The Wrangler's newfound civility begins with a frame that's twice as stiff in bending and 50 percent stiffer torsionally compared with the 2006 model's, a wheelbase that's two inches longer, and a track that's 3.5 inches wider. Black plastic fender flares in place of body-color flares help disguise the fact that the Wrangler is nearly half a foot wider overall. The additional width results in a more surefooted vehicle with more room for shoulders and hips, plus space for the new, seat-mounted side air bags to deploy. The longer wheelbase allowed chief engineer Jim Issner to position the fuel tank ahead of the rear axle, a crash-regulation necessity, and it also translates to a better ride and a bit more rear-seat legroom. Overall cargo volume with the rear seats folded grows by thirteen cubic feet, to 56.5 cubic feet, and with the rear seats upright there's still 17.1 cubic feet, eight more than before. The vehicle's increased width didn't seem to be a liability when I threaded my way through some of the tighter off-roading situations, but miles of elephant grass and narrow two-tracks lined with gnarly trees and shrubs badly scratched the body sides of our Wranglers.
The five-passenger Wrangler Unlimited inhabits its own new market niche: the four-door convertible. (The 2004-06 long-wheelbase, two-door Wrangler heads into automotive history, ceding the Unlimited badge to the new four-door.) Its 116.0-inch wheelbase is up twenty inches over the standard model and thirteen inches over the previous Unlimited.

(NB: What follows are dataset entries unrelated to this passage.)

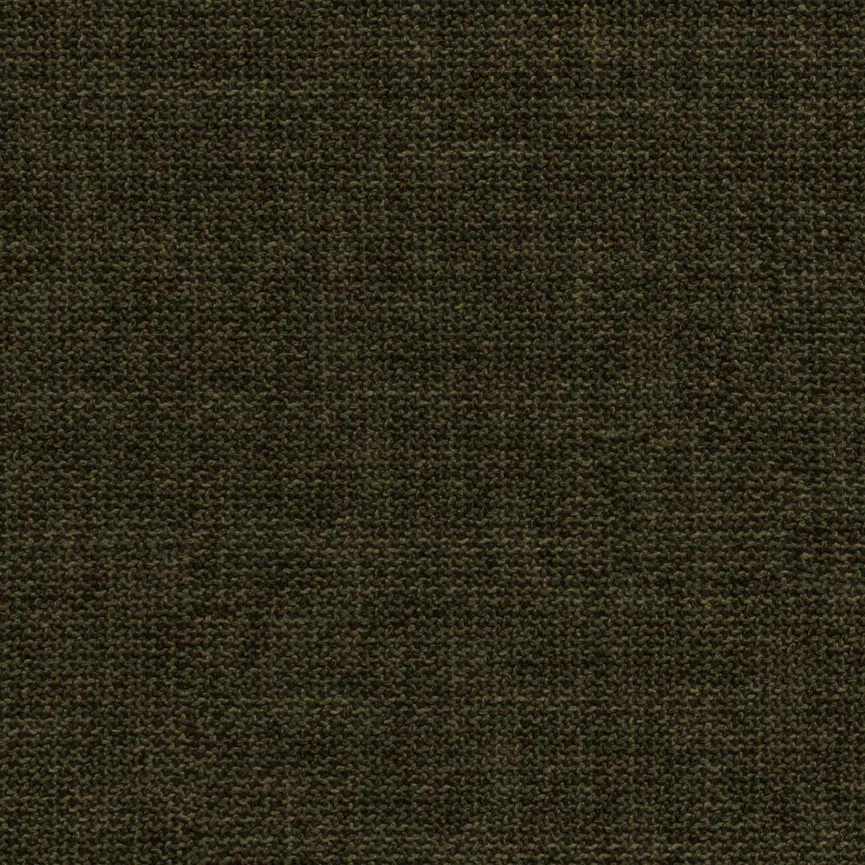 Stuhl material_farbe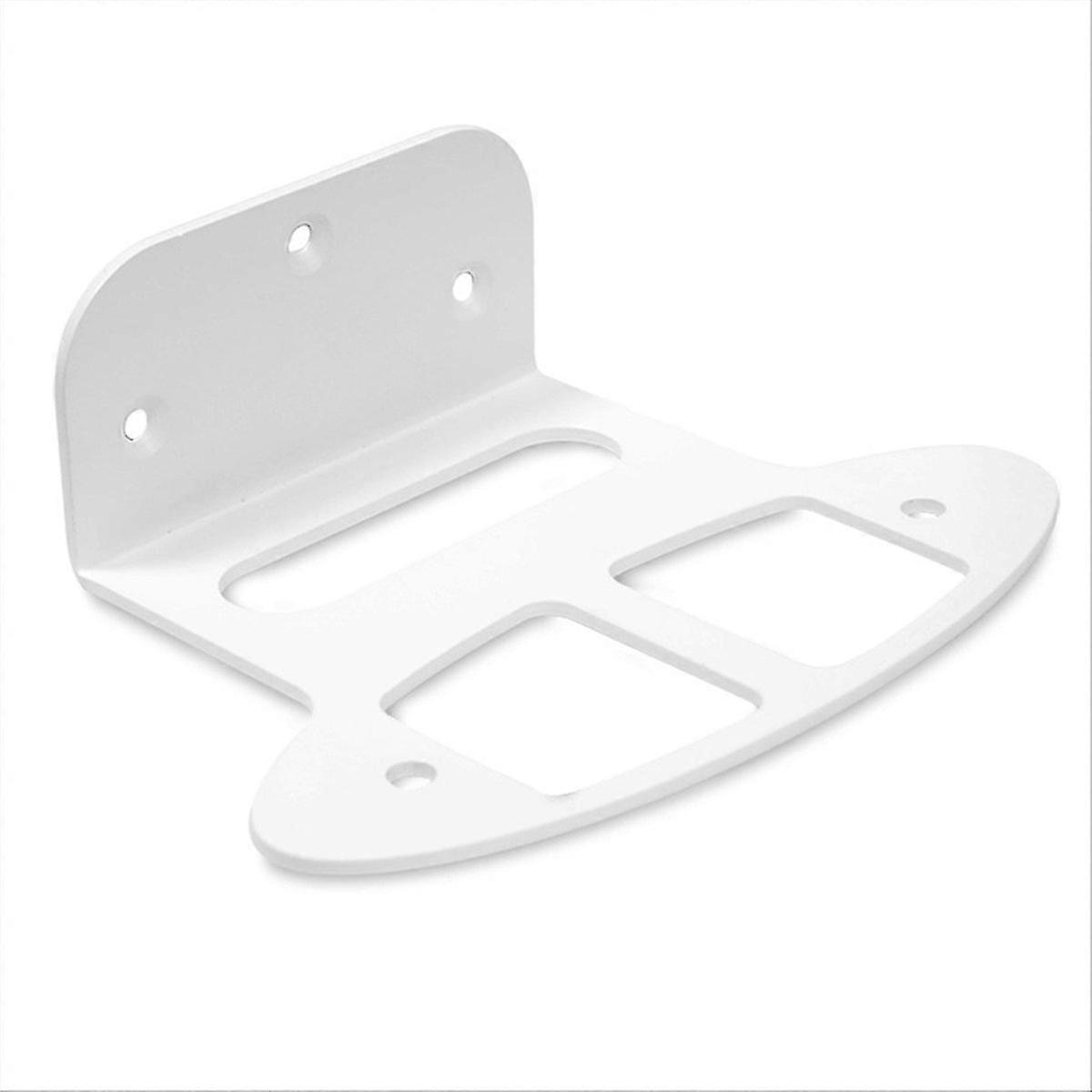 compatible with RBK752/RBK853 Router Wall Mount Brackets Replacement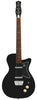 Danelectro 57 Blak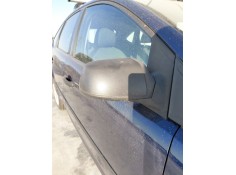 Recambio de retrovisor derecho para ford focus ii (da_, hcp, dp) 1.6 referencia OEM IAM   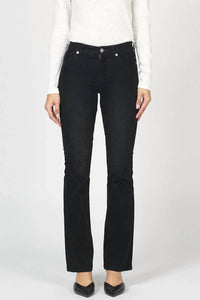 Dear John Denim - Jaxtyn Bootcut Jean
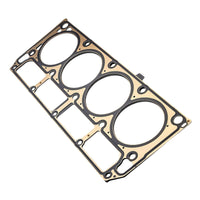 2x Cylinder Head Gasket Suitable For Holden Calais VE VF VZ 2006-2017 6.0L 6.2L LS2 LQ9 L96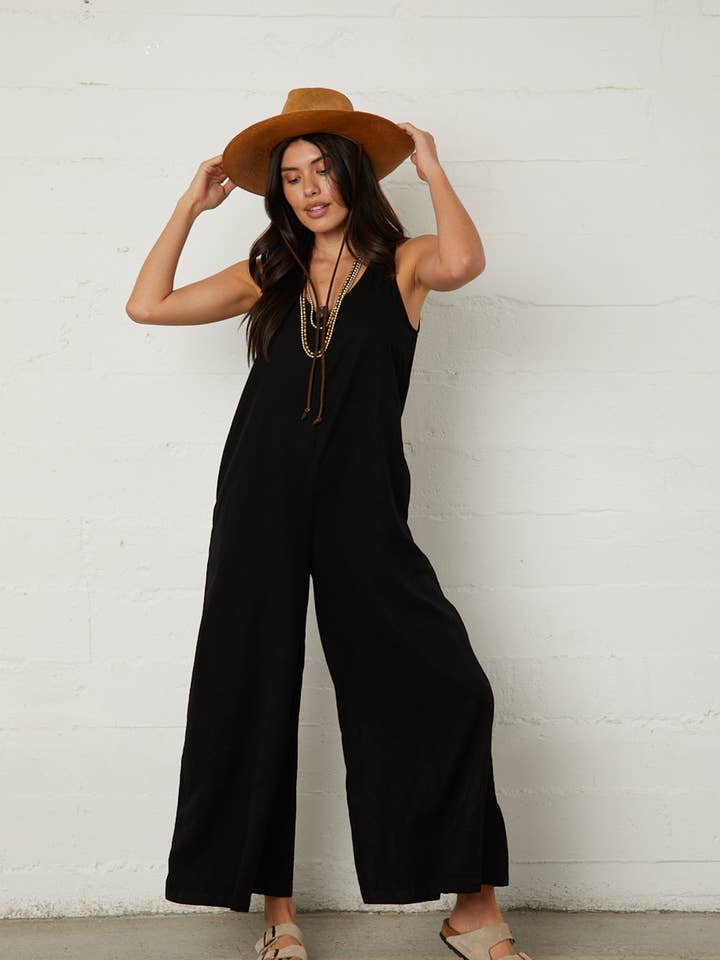 Mono Thalia para venta al por mayor de River + Sky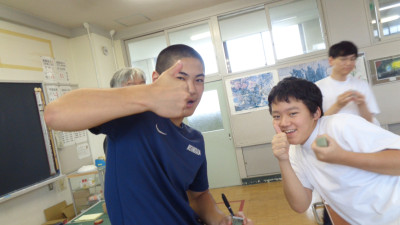DSC00024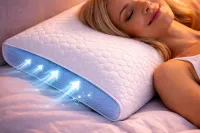 Chiropure Pillow – Bild 7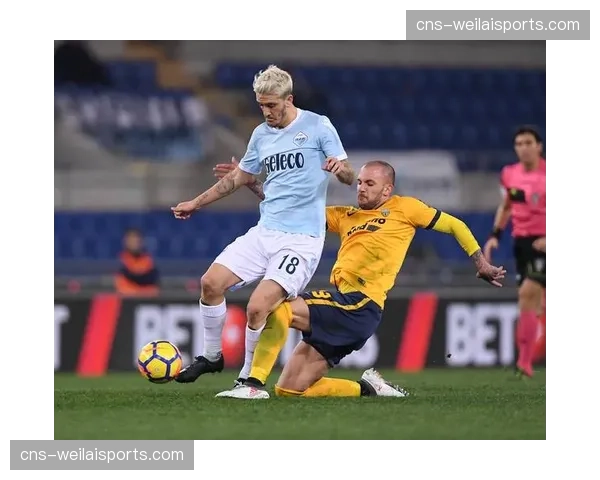 罗马1-0小胜拉齐奥，全场唯一进球是克里斯坦特接任意球后点头槌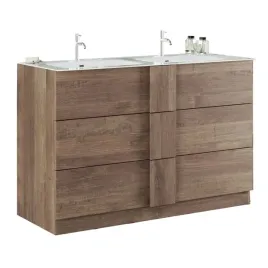 szafka-stojaca-z-umywalka-dab-mercure-120cm-wloskie-vigo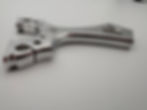 Thumbnail: 80mm OTT Aluminum Kraken by Quynh Nguyen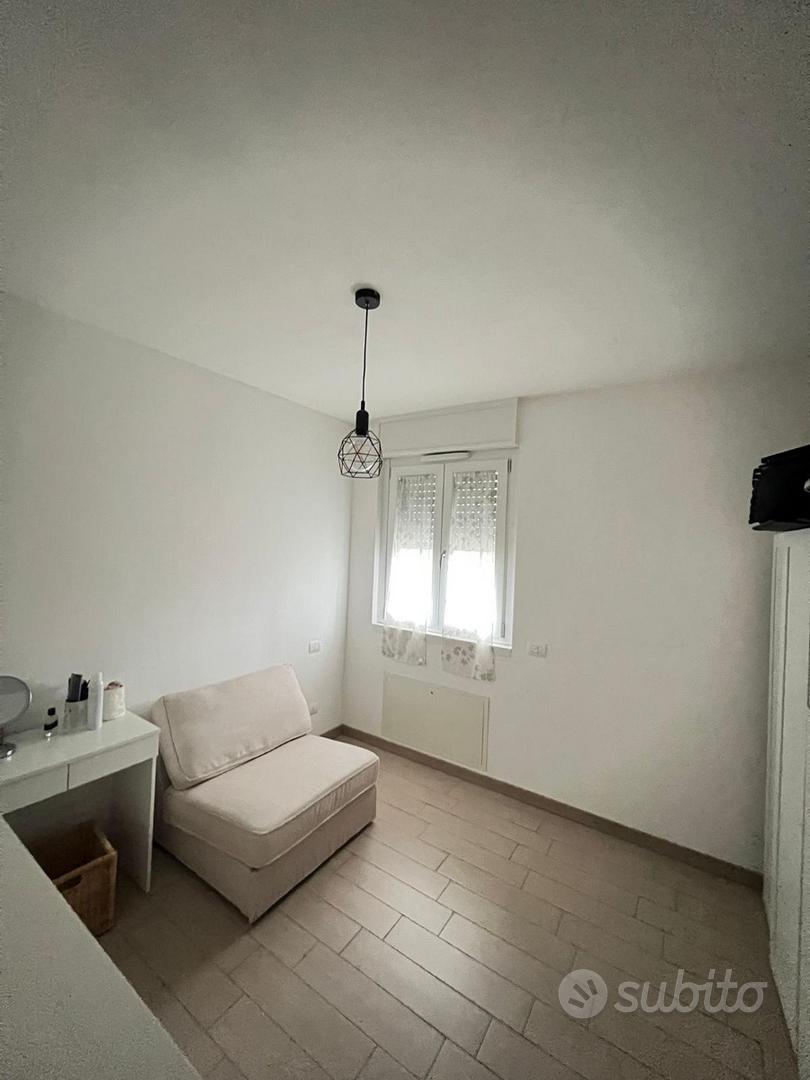 Appartamento – LO - Vista 3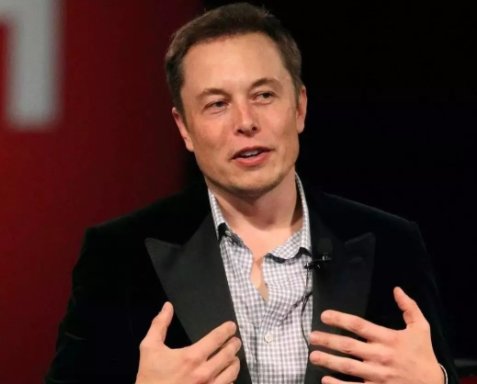 马斯克称想在火星建特斯拉工厂，这个梦想现实吗？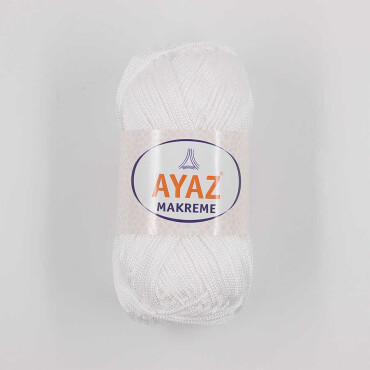 Ayaz Makreme 1208 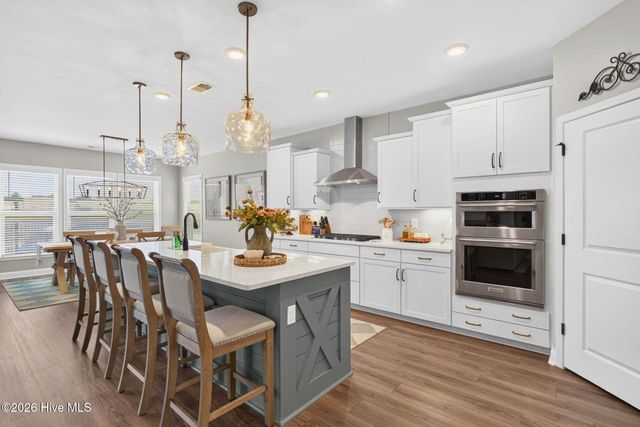 169 Majestic Lane, Calabash, NC 28467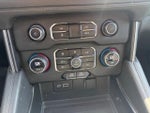 2023 Tahoe Thumbnail 22
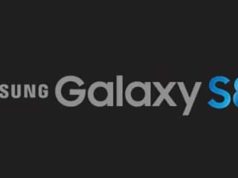 La fiche technique et les prix du Samsung Galaxy S8 fuitent sur le web
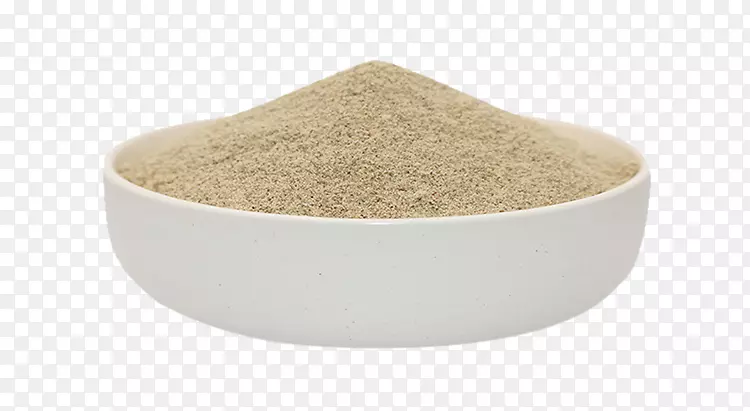 �������Ϸ���ɫ�׺���ͼƬ-������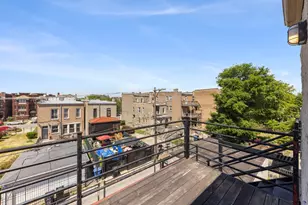 3246 W Warren Blvd, Chicago, IL 60624 - Photo 14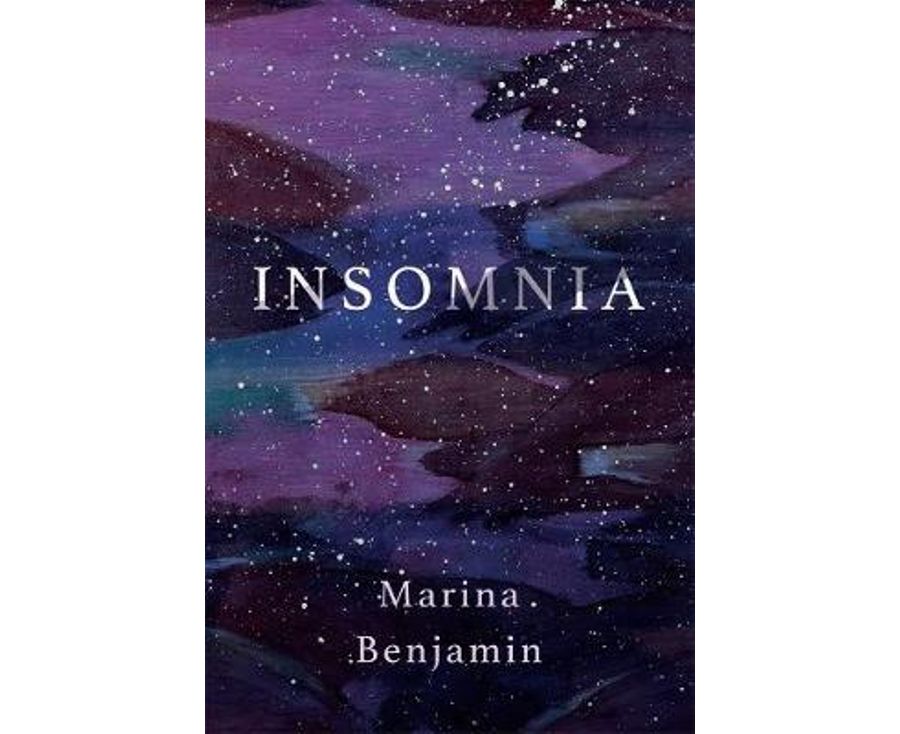 Insomnia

There's 86.5 cubic feet of cargo space if the rear seats are folded and 46.0 cubic feet when they're in place. The rear seats aren't stretch-out roomy, but they made for a decent viewing perch for a five-hour safari drive.
Jeep wisely ditched the old four-cylinder engine, which was altogether inadequate for pavement use. The in-line six is gone, too, replaced by Chrysler's stalwart 3.8-liter V-6, here making 205 hp and 240 lb-ft of torque. Jeep purists might find it difficult to wrap their heads around the notion of a minivan engine, but the demise of the old 4.0-liter lump is hardly worth misty eyes. They'd do better to complain about the lack of an optional five-speed automatic (a four-speed is offered), but at least the manual has six forward speeds.
Jeep beefed up the Wrangler's solid front and rear axles, key components of its off-road arsenal, for the top-of-the-line Rubicon, which was the only trim level--of both long- and short-wheelbase vehicles--that we drove in Zambia. The suspension links, coil springs, and recirculating-ball steering of all models have been massaged, and now when you're in the new Wrangler, you feel like you're driving a real vehicle rather than piloting a small farm tractor. This effect is, unsurprisingly, magnified in the four-door.